_Work order_:
Your output should reproduce each entry exactly, with none of its pictures.

_Data shown_:
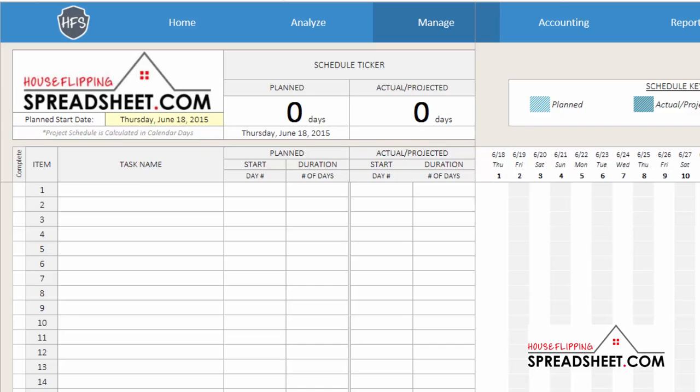Once you've established the planned start date, you will input your first project task, which will start on the planned start date or the first day of the project schedule.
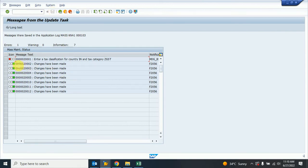Now there is one issue with the first record. There are tags for classification in the country — the tax classification for that country is not defined. So that one record could not be changed automatically and I need to check it manually.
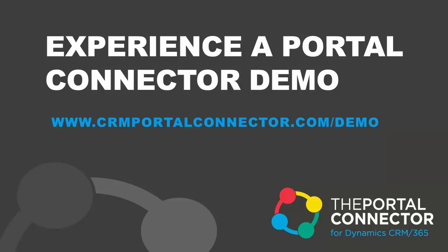To experience a full demo of the Portal Connector, visit our website at crmportalconnector.com/demo.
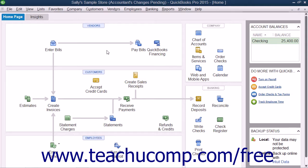If your accountant sends you a file, open your company file and insert the copy of the changes that your accountant gave to you on the removable media, such as a DVD-ROM, CD-ROM, or flash drive.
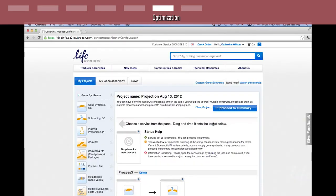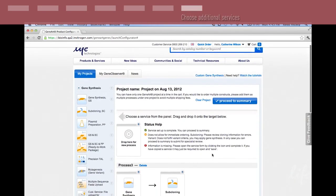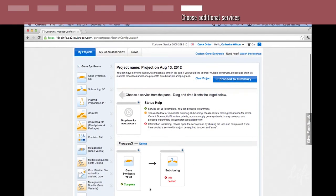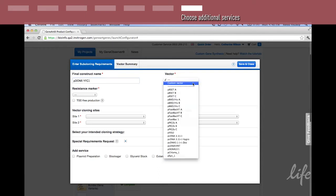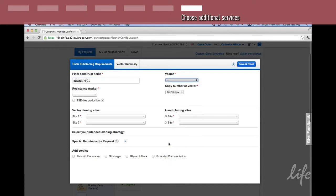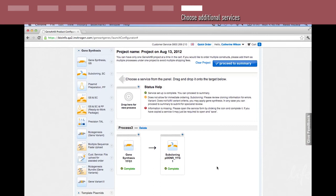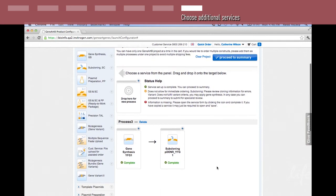For cloning into a Gateway entry clone, select the subcloning tab. Enter the name for your construct. Select pDONR221. Click save. The project is now complete and you can proceed to a summary.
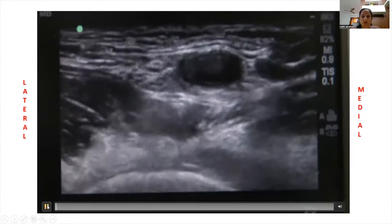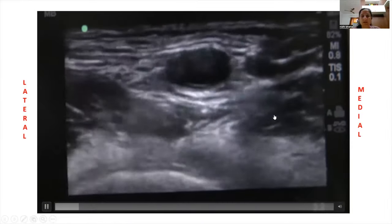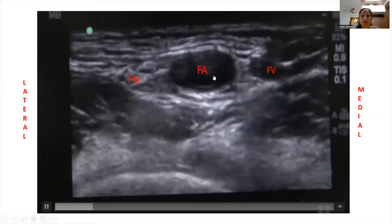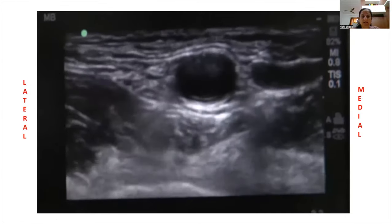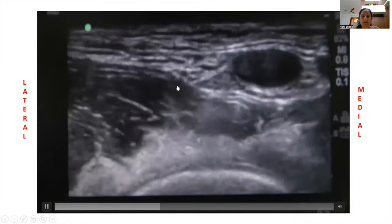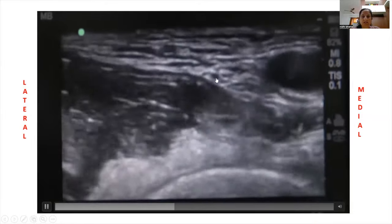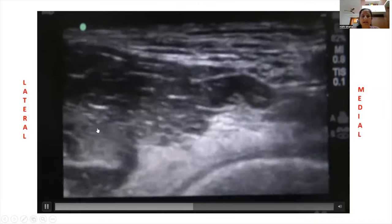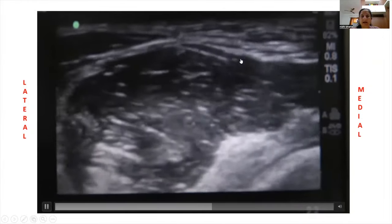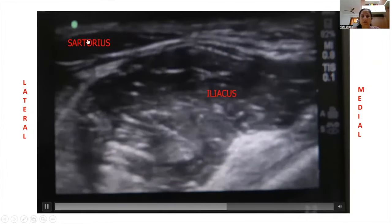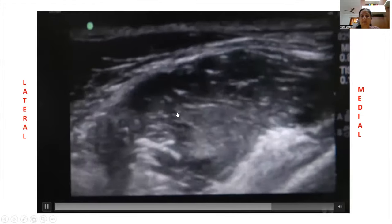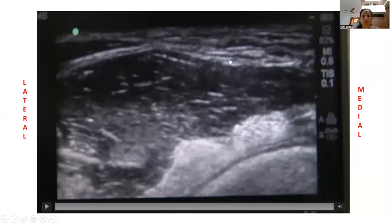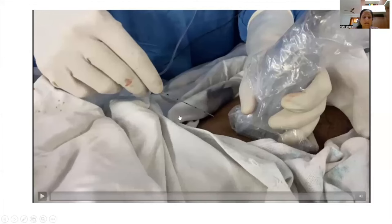Here is a video showing the infrainguinal fascia iliaca compartment block technique. The probe is placed transversely just below the inguinal crease. You can see the femoral vein, the pulsatile femoral artery, and lateral to that the femoral nerve. Moving the probe laterally reveals the large belly of the iliopsoas muscle, the sartorius muscle above it, and the fascia iliaca plane — our area of interest where the drug is deposited.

_Solution to the exercise_:
Once you've established the planned start date, you will input your first project task, which will start on the planned start date or the first day of the project schedule.
Now there is one issue with the first record. There are tags for classification in the country — the tax classification for that country is not defined. So that one record could not be changed automatically and I need to check it manually.
To experience a full demo of the Portal Connector, visit our website at crmportalconnector.com/demo.
If your accountant sends you a file, open your company file and insert the copy of the changes that your accountant gave to you on the removable media, such as a DVD-ROM, CD-ROM, or flash drive.
For cloning into a Gateway entry clone, select the subcloning tab. Enter the name for your construct. Select pDONR221. Click save. The project is now complete and you can proceed to a summary.
Here is a video showing the infrainguinal fascia iliaca compartment block technique. The probe is placed transversely just below the inguinal crease. You can see the femoral vein, the pulsatile femoral artery, and lateral to that the femoral nerve. Moving the probe laterally reveals the large belly of the iliopsoas muscle, the sartorius muscle above it, and the fascia iliaca plane — our area of interest where the drug is deposited.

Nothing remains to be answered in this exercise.